By only displaying objects shown in an original image with probabilities, the CNN illustrated in FIG. 1 completes the process. In other words, information of a place at which a subject is shown with a certain size cannot be acquired. However, in a digital camera and the like, a place at which a subject is shown with a certain size needs to be acquired. In that case, information acquired by the CNN illustrated in FIG. 1 is insufficient, and position information, size information, and the like need to be acquired.

Generally, in an image captured by a photographer, various subjects are shown. For this reason, a plurality of (in description presented below, M types of) various subjects need to be detected from an image.

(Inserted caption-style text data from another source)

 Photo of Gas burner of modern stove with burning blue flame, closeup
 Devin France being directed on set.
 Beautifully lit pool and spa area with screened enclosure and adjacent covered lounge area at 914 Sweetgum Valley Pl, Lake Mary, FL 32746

Although a CNN outputting such information can be generated, there are various problems to be described below, and therefore in the present invention, a process of extracting only information desired to be acquired for an output result of the CNN(=a subject estimating process) is performed.

One example of the subject estimating process will be described. A feature quantity of a subject that is an output result of a CNN that is a target in the present invention is a plurality of (N) information sets having the following information as one part.

- position information of subject
- magnitude (size) information of subject
- reliability information of subject
- class reliability information (M dimensions)

FIG. 3 is a diagram illustrating an example of details of an information set. A CNN that is a target in the present invention outputs N high dimensional data (positions, sizes, subject reliability, and class reliability) illustrated in FIG. 3. In addition, details of the information set differ in accordance with a network. The position information of a subject is a position (X, Y) of the subject inside an image. The magnitude (size) information of a subject is a size (W, H) of the subject inside an image. The reliability information of a subject is an index that represents a likelihood of being a subject.

The class reliability information represents class reliability (a degree of reliability) and, for example, is “dog” 70%, “cat” 10%, and the like. As the class reliability information of the M dimensions, M types of subjects desired to be divided into classes can be prepared. For example, in the class reliability information, a likelihood 70% of a subject being a “dog” is written into a first dimension, a likelihood 10% of a subject being a “cat” is written into a second dimension, and this is continued up to an M-th dimension.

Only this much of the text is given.